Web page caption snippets
· · · · ·

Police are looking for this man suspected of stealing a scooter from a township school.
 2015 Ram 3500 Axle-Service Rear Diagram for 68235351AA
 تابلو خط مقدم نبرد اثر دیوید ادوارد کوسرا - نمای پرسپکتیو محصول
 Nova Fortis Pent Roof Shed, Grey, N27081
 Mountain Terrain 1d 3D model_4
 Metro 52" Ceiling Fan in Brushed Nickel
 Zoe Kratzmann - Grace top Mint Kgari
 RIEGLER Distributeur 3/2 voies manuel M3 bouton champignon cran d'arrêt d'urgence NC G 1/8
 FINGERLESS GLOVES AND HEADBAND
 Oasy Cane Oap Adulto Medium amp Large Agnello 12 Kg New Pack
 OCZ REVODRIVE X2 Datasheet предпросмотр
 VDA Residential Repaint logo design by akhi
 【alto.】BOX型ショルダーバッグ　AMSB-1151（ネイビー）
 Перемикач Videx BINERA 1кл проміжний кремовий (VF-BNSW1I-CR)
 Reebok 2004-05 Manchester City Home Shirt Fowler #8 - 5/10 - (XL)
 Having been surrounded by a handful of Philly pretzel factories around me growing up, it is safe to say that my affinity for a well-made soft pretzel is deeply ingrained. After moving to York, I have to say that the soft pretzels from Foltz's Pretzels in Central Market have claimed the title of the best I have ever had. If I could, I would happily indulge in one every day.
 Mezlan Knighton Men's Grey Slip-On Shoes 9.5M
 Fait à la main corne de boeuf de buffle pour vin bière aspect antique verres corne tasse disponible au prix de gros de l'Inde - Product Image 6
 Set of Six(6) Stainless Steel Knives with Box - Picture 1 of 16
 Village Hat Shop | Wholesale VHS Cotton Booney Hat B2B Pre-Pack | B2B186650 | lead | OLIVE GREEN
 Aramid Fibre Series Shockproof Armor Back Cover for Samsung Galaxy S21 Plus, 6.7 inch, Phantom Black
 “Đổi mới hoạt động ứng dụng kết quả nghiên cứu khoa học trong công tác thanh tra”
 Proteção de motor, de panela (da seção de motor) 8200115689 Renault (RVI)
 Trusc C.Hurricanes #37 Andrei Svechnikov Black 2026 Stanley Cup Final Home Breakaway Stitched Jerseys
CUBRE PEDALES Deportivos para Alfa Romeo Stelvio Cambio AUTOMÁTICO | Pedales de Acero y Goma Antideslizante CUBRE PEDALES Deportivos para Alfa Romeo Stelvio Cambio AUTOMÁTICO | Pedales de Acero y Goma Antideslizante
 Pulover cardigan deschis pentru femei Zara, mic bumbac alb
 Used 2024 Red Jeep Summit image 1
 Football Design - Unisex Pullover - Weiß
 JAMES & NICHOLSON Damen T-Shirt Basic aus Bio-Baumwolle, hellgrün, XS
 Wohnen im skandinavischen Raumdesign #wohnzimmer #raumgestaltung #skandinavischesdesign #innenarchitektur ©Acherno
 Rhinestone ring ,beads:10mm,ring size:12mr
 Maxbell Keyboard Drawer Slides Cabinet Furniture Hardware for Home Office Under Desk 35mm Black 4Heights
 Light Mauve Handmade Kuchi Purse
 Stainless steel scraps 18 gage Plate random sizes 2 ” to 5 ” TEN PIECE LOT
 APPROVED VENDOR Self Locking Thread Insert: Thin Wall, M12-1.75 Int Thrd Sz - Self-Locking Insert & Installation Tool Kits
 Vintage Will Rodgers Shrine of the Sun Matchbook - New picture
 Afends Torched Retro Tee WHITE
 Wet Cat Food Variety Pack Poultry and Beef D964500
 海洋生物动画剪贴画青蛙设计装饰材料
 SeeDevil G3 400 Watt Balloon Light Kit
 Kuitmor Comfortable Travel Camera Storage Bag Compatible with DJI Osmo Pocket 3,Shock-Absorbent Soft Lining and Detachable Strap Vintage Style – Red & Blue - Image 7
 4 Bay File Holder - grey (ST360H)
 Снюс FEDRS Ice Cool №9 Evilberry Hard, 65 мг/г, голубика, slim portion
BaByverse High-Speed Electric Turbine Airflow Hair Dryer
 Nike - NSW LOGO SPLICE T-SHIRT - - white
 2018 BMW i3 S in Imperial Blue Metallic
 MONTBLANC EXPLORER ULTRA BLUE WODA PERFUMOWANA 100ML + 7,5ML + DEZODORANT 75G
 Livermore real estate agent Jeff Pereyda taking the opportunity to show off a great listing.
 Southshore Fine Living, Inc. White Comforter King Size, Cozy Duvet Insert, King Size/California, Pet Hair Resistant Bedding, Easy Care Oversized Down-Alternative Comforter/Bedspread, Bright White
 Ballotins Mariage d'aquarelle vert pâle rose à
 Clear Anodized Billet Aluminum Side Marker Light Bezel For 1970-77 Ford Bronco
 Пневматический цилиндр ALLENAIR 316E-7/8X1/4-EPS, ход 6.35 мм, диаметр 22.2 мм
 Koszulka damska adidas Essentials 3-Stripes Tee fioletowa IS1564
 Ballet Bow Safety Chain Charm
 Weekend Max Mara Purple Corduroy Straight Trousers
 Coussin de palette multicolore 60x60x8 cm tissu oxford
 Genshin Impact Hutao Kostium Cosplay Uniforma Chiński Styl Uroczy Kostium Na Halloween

· · · · ·

### Task brief
Up to and including the line with "Fait à la main", output every line of the records above exactly, starting from the first; output nothing else.

### Problem solution
Police are looking for this man suspected of stealing a scooter from a township school.
 2015 Ram 3500 Axle-Service Rear Diagram for 68235351AA
 تابلو خط مقدم نبرد اثر دیوید ادوارد کوسرا - نمای پرسپکتیو محصول
 Nova Fortis Pent Roof Shed, Grey, N27081
 Mountain Terrain 1d 3D model_4
 Metro 52" Ceiling Fan in Brushed Nickel
 Zoe Kratzmann - Grace top Mint Kgari
 RIEGLER Distributeur 3/2 voies manuel M3 bouton champignon cran d'arrêt d'urgence NC G 1/8
 FINGERLESS GLOVES AND HEADBAND
 Oasy Cane Oap Adulto Medium amp Large Agnello 12 Kg New Pack
 OCZ REVODRIVE X2 Datasheet предпросмотр
 VDA Residential Repaint logo design by akhi
 【alto.】BOX型ショルダーバッグ　AMSB-1151（ネイビー）
 Перемикач Videx BINERA 1кл проміжний кремовий (VF-BNSW1I-CR)
 Reebok 2004-05 Manchester City Home Shirt Fowler #8 - 5/10 - (XL)
 Having been surrounded by a handful of Philly pretzel factories around me growing up, it is safe to say that my affinity for a well-made soft pretzel is deeply ingrained. After moving to York, I have to say that the soft pretzels from Foltz's Pretzels in Central Market have claimed the title of the best I have ever had. If I could, I would happily indulge in one every day.
 Mezlan Knighton Men's Grey Slip-On Shoes 9.5M
 Fait à la main corne de boeuf de buffle pour vin bière aspect antique verres corne tasse disponible au prix de gros de l'Inde - Product Image 6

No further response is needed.